How the police behave in such cases
The police have a very limited or no direct role in a case filed under Section 25 of the Payment and Settlement Systems Act. This is because it is a complaint case filed directly by the complainant (the lender) before a Judicial Magistrate. The court, not the police, handles the proceedings, including issuing summons.
Police intervention would only occur if the lender files a separate FIR alleging criminal offences like cheating, criminal breach of trust, or criminal intimidation under the Bharatiya Nyaya Sanhita (BNS). However, the Supreme Court has repeatedly held that loan defaults are primarily civil in nature, and the police should not be used as a recovery mechanism. In a straightforward default case like this, police involvement is highly unlikely.
FAQs people normally have
Can I be arrested for defaulting on a personal loan?
Loan default itself is a civil wrong, not a crime, so you cannot be arrested for it. A case under Section 25 is quasi-criminal, but arrest is not the immediate consequence. An arrest warrant could only be issued by the court if you repeatedly fail to appear for the hearings despite receiving the court’s summons.
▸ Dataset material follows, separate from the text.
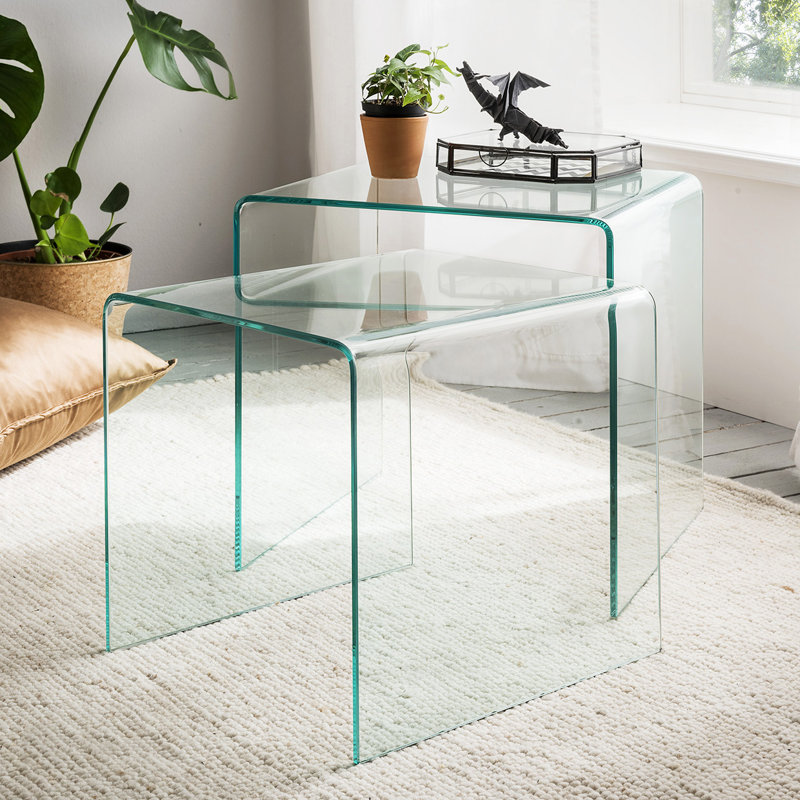 Adrien Glass Top Sled Nesting Tables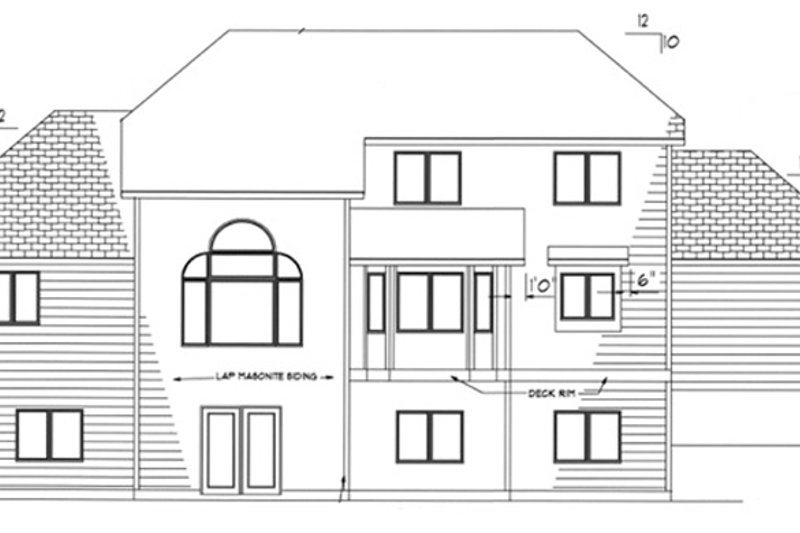 Architectural House Design - Exterior - Rear Elevation for Country House Plan #320-1509 - 4 bed, 2.5 bath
Is ₹60,000 too small an amount for a company to sue over?
No. Financial institutions and NBFCs have dedicated legal teams and processes to handle defaults of all sizes. They are very likely to pursue legal action to recover their money and to set a precedent for other defaulters.
Will this default impact my CIBIL/credit score?
Yes, significantly. The moment you default on an EMI, the lender reports it to credit bureaus like CIBIL. This negatively impacts your credit score, making it very difficult to secure loans or credit cards in the future.

What evidence is required?
- For the Lender: The primary evidence includes the digitally signed loan agreement, proof of loan disbursal, the borrower’s bank account statements showing the failed auto-debit instructions, a copy of the legal notice sent to the borrower, and proof of its delivery.
- For the Borrower: Evidence would include proof of all payments made, any written communication with the lender proposing a repayment plan, and bank statements. If there are disputes regarding the outstanding amount, supporting calculations would be needed.
How long will the investigation take?
Since a Section 25 case is a summons trial before a Magistrate, there is no police investigation. The legal process itself involves several stages: filing the complaint, court taking cognizance, issuing summons, appearance of the accused, framing of notice, evidence from both sides, final arguments, and judgment. This entire judicial process can take anywhere from several months to a few years, depending on the court’s caseload and the adjournments sought by the parties.